Vielleicht ist wie so häufig die Popkultur schuld. Seit Jahren werden vor allem im Hip-Hop viele Parallelen zum Fußball gesucht und gefunden. Besonders französische Superstars wie Kylian Mbappé oder Paul Pogba werden als Gleichgesinnte der Rapper angesehen. Underdogs, die es aus Frankreichs Problem-Vororten heraus und in den Reichtum geschafft haben. Mit dem Mikro in der Hand. Oder dem Ball am Fuß. Es ist die Erzählung vom Außenseiter, für den in der Mehrheits-Gesellschaft eigentlich kein Platz vorgesehen war. Eine Erzählung, die längst zur internationalen Chiffre geworden ist. Beim Berliner Rapper Capital Bra heißt es dann etwa, er "bunkere lila Scheine in der Jacke von Paris". In seinen Videos trägt "Capi", wie er von seinen Fans liebevoll genannt wird, dann auch gern mal die entsprechenden Trainingsjacken von PSG oder dem AC Mailand. Seine Fans tun es ihm gleich. Ist die Mode so auf den Geschmack gekommen?

Vielleicht eine Geste der Versöhnung

Auffällig am "Blokecore" ist allerdings, dass die Trikots nicht nur häufig von eher unbedeutenden Vereinen stammen, sondern fast ausschließlich auch Oversize getragen werden. Während man sich beim hautengen Trikot des tatsächlichen Fußball-Fans ein "Bier formte diesen Körper" leider oftmals mitdenken muss, kommt das Fashion-Piece Fußball-Trikot in der Regel mindestens eine Nummer zu groß daher. Vielleicht also ist das Trikot nurmehr eine Anspielung?

Vielleicht heißt Oversize gerade: Die Dinge anders tragen, als sie gemeint sind. So wie viele Frauen die (zu großen) Shirts ihrer Partner als Schlaf-Shirt tragen. Wie sie die sogenannten Mom- und Dad-Jeans (Mom- und Dadcore) tragen.

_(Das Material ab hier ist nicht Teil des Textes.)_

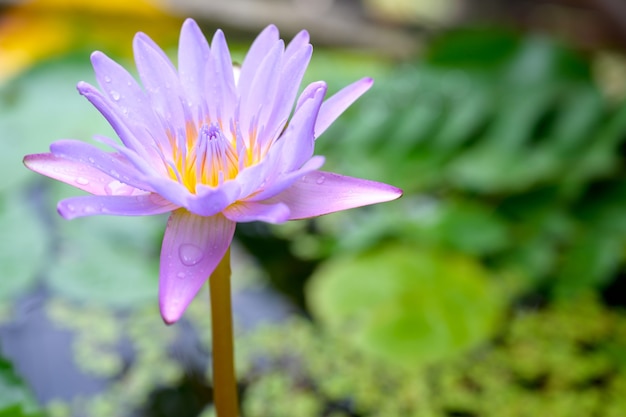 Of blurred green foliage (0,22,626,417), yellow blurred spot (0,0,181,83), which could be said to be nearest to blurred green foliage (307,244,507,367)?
blurred green foliage (0,22,626,417)

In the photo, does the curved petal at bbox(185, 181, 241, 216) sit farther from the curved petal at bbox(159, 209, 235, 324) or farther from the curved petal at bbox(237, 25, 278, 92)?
the curved petal at bbox(237, 25, 278, 92)

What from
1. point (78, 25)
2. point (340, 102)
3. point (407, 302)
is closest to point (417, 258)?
point (407, 302)

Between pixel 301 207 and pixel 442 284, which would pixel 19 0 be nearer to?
pixel 442 284

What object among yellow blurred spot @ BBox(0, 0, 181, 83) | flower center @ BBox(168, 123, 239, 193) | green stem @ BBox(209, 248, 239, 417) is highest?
flower center @ BBox(168, 123, 239, 193)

Oder ganz bewusst No-Name-Produkte (Normcore). Und vielleicht ist "Blokecore" dann einfach auch eine Geste der Versöhnung. Frei nach dem Motto: Seht her, wir verstehen es jetzt, Fußball hat eine schöne Seite.

Mode als Hilfestellung

Vielleicht ist aber auch das Gegenteil der Fall. Mode ist immer auch ein Tabu-Bruch. Wer Mode trägt und nicht nur Kleidung, der will auffallen. So schaffte es der Punk auf den Laufsteg. Und vielleicht auch der Fußball. Der prollige Fußball, die heilige Dreifaltigkeit aus Bier, Bratwurst und Schweißgeruch, hat das Stadion verlassen, und wird über die Gehsteige der Großstadt getragen. Es ist, als würde man mit althergebrachten Bildern von Männlichkeit kokettieren, um sie damit erst recht der Lächerlichkeit preiszugeben.

Vielleicht ist "Blokecore" aber auch eine subversive Hilfestellung für alle Verzweifelten. Für die, die den Fußball immer noch lieben, obwohl er sich alle Mühe gibt, sie zu verprellen. Vielleicht lautet die Botschaft also: Du kannst es nicht ändern. Aber gut aussehen. Und es ist egal, welche Erfolge mit deinem Trikot verbunden werden. Hauptsache, du trägst es gern. Womit man nah dran wäre am Kern des Fußballs. Und auch an mindestens einer Erklärung, warum er niemals sterben wird.